Short web captions:
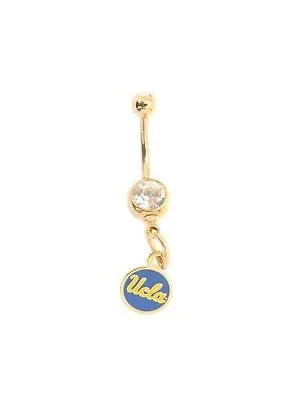 Ucla University Body Jewelry Stainless Steel 14g Curved Navel Barbell Belly Ring • $7.99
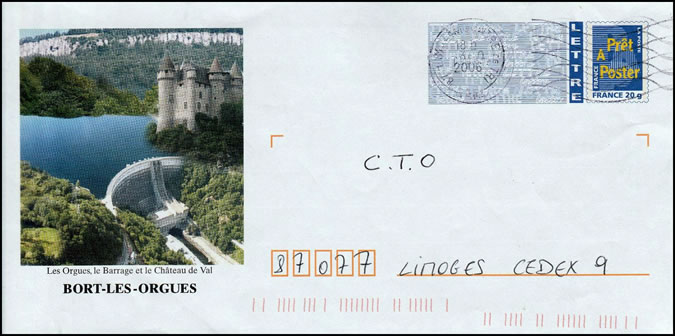 PAP?repiqué de Bort-les-orgues avec photo du barrage et du chateau de Val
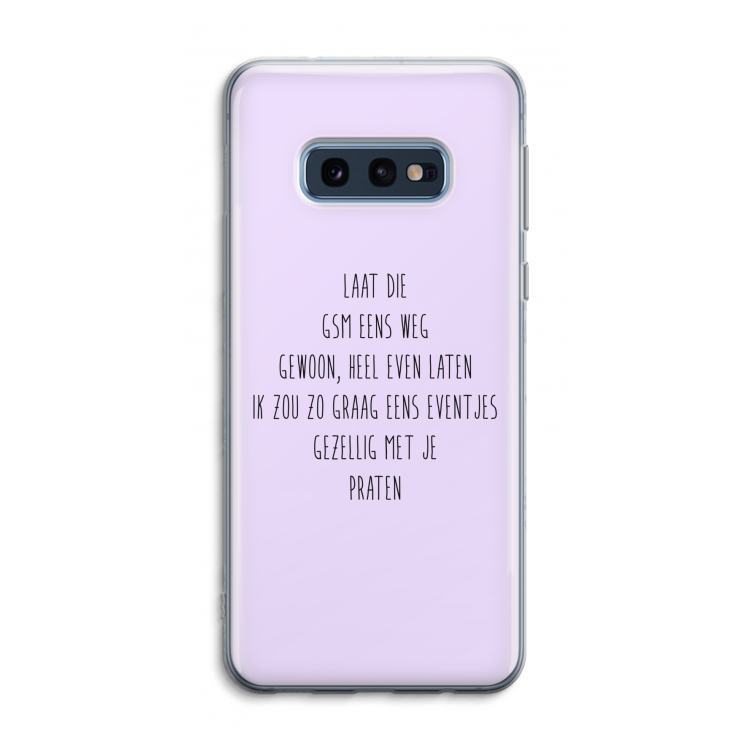 GSM: Samsung Galaxy S10e Transparant Hoesje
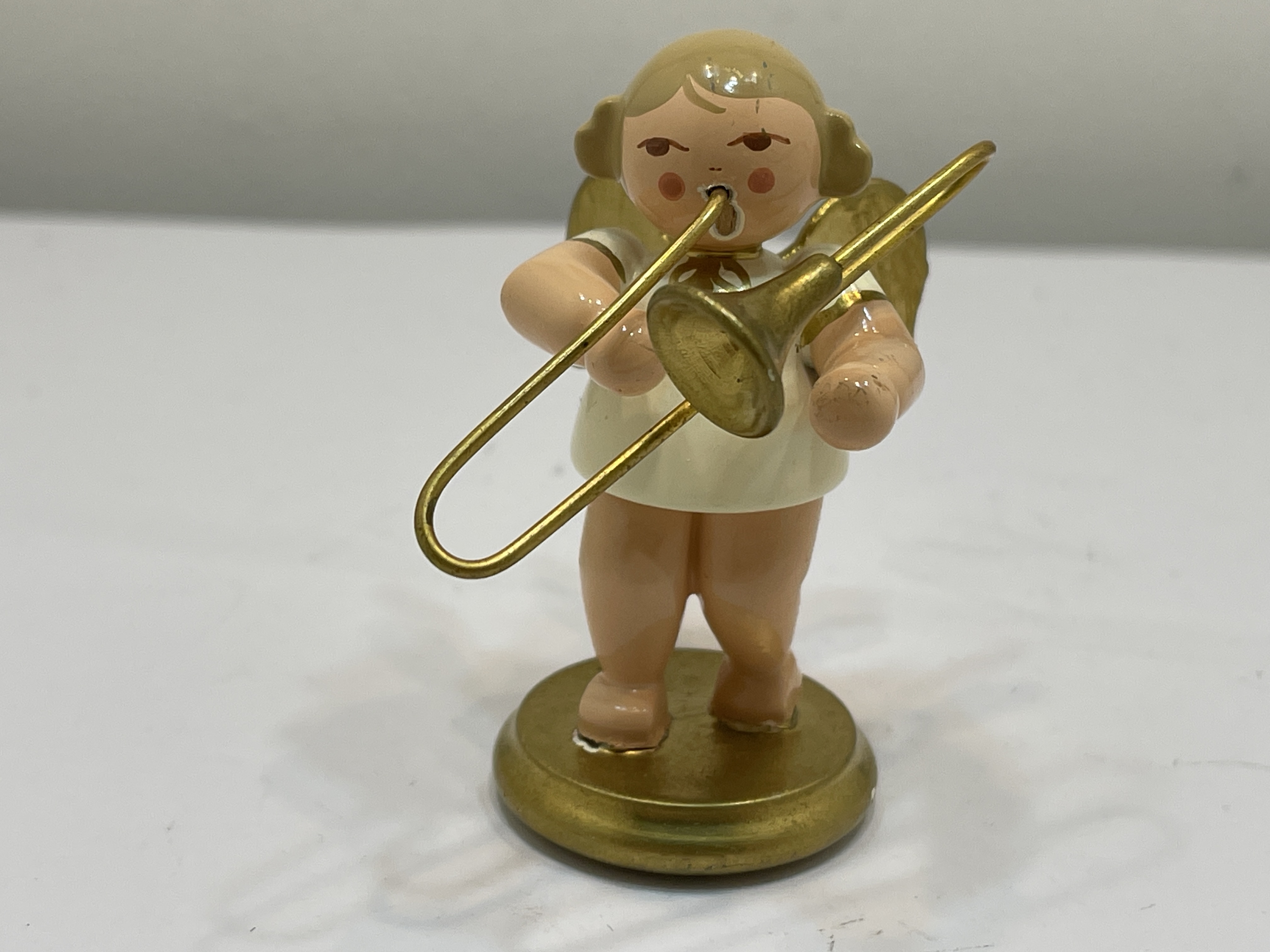 Erzgebirge Figur Christian Ulbricht Engel 6,5 cm. Zustand siehe Fotos 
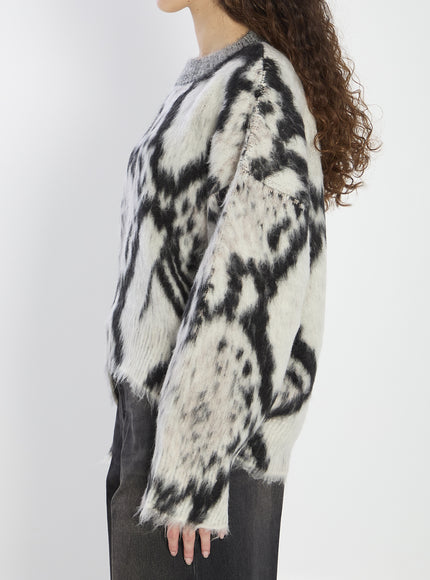 The Attico Python-print Sweater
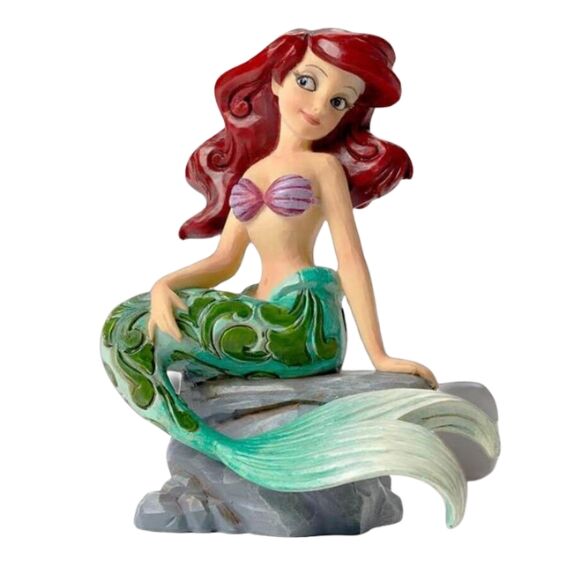Jim Shore Disney Traditions - The Little Mermaid Ariel - Splash of Fun Personality Pose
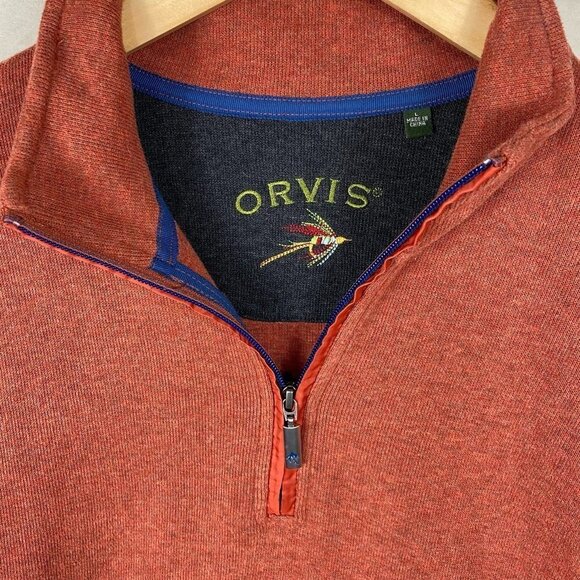 Orvis Signature Softest Quarter-Zip Pullover in Spice- Large - Picture 3 of 7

## What this task involves:
Exactly the lines from the one holding "Jim Shore Disney" to the last line of the records above should be duplicated, with no pictures among them.

## Result of this exercise:
Jim Shore Disney Traditions - The Little Mermaid Ariel - Splash of Fun Personality Pose
 Orvis Signature Softest Quarter-Zip Pullover in Spice- Large - Picture 3 of 7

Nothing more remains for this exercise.